Supplied information:
Content starts
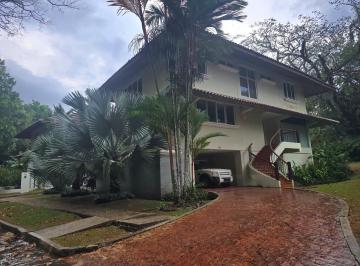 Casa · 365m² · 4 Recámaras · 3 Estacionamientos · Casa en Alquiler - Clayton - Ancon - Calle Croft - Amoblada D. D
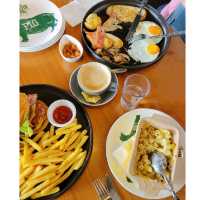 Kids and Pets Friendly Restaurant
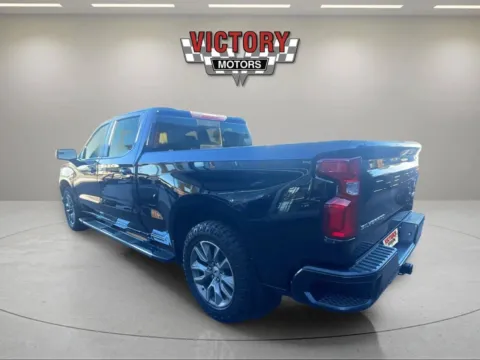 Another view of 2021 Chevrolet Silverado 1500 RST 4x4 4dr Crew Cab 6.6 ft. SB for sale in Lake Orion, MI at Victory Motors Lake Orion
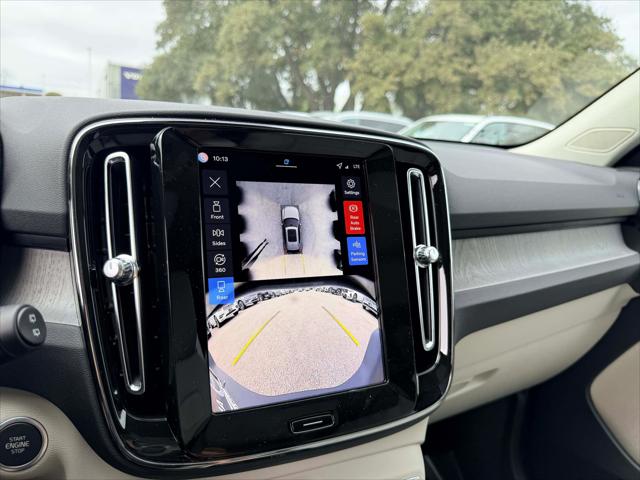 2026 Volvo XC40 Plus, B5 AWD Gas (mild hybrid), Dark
Content ends
From the line containing "Kids and Pets Friendly Restaurant" down to the final line of the material, restate every line word for word, and only those; drop the pictures.

 Kids and Pets Friendly Restaurant
 Another view of 2021 Chevrolet Silverado 1500 RST 4x4 4dr Crew Cab 6.6 ft. SB for sale in Lake Orion, MI at Victory Motors Lake Orion
 2026 Volvo XC40 Plus, B5 AWD Gas (mild hybrid), Dark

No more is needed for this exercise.